▶ _THE TASK_: The whole listing below must be printed again exactly, images excluded.

▶ _RAW DATA_:
▼

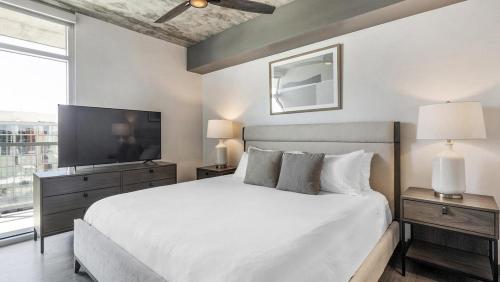 sypialnia z białym łóżkiem i telewizorem w obiekcie Landing - Modern Apartment with Amazing Amenities (ID7458X47) w mieście Tucson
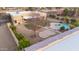 Aerial view of backyard featuring a pool, decorative concrete, desert landscaping and perimeter fencing at 22941 W Blue Sky Dr, Wittmann, AZ 85361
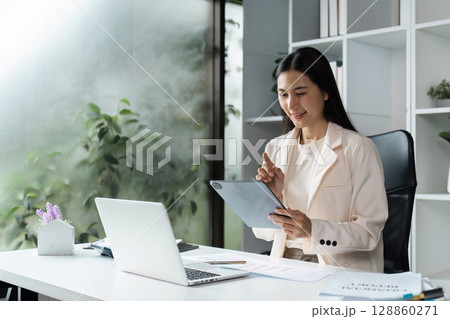 Professional Woman in Modern Office Using Tablet and Laptop for working in office 128860271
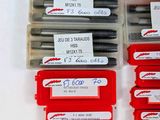 a lot of different types of screws in a box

▲

▶ _SOLUTION_:
 sypialnia z białym łóżkiem i telewizorem w obiekcie Landing - Modern Apartment with Amazing Amenities (ID7458X47) w mieście Tucson
 Aerial view of backyard featuring a pool, decorative concrete, desert landscaping and perimeter fencing at 22941 W Blue Sky Dr, Wittmann, AZ 85361
 Professional Woman in Modern Office Using Tablet and Laptop for working in office 128860271
 a lot of different types of screws in a box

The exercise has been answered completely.